=== SUPPLIED DATA ===

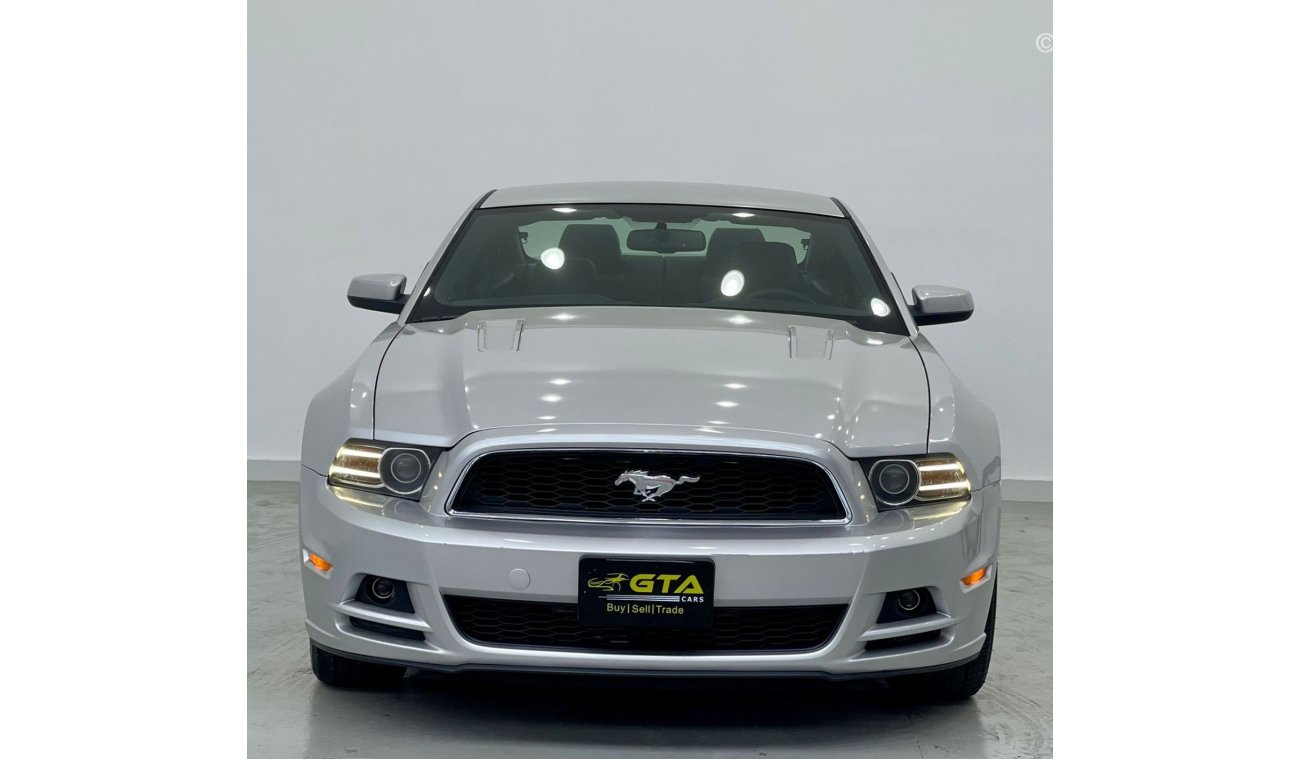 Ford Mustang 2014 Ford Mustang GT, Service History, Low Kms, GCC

===
=== SUPPLIED DATA ===

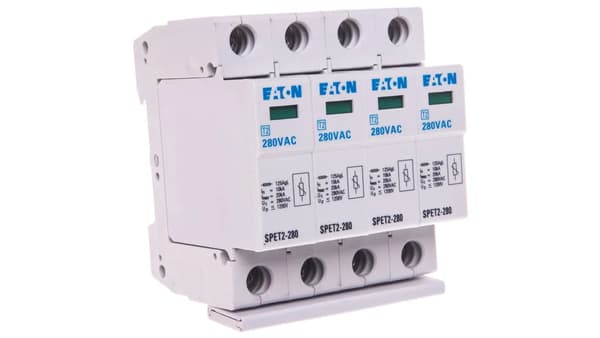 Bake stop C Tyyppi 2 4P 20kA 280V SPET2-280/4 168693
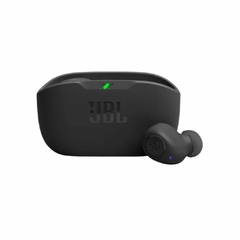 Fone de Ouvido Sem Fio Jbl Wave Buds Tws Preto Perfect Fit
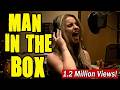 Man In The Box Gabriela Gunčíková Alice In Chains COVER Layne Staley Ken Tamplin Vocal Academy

===
=== SUPPLIED DATA ===

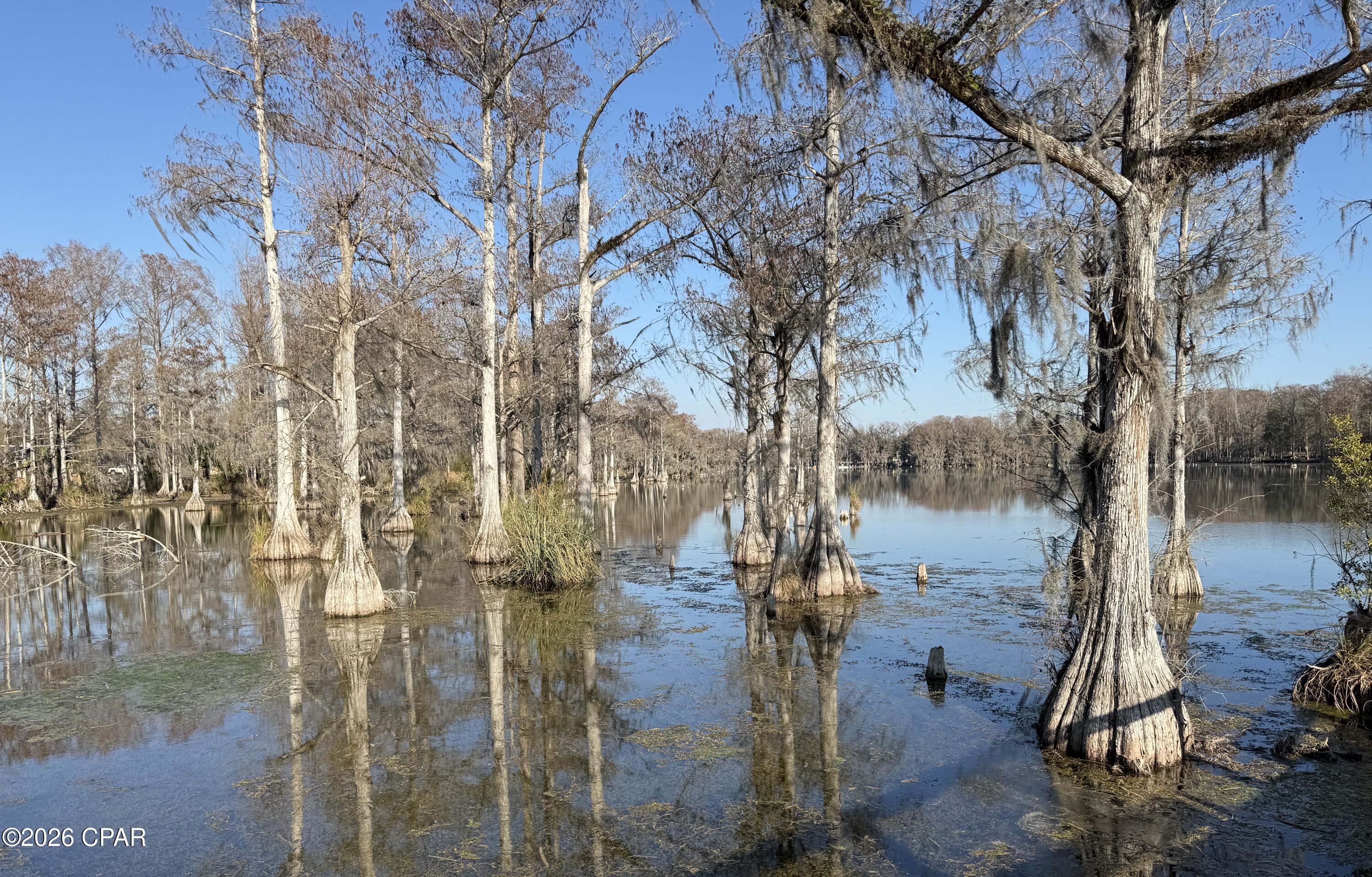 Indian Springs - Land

===

* **YOUR INSTRUCTIONS**
Only the lines starting at the one with "Fone de Ouvido" and ending at the one with "Man In The Box" should be printed, each exactly as it appears in the material above; the pictures are to be omitted.

* **REPLY**
 Fone de Ouvido Sem Fio Jbl Wave Buds Tws Preto Perfect Fit
 Man In The Box Gabriela Gunčíková Alice In Chains COVER Layne Staley Ken Tamplin Vocal Academy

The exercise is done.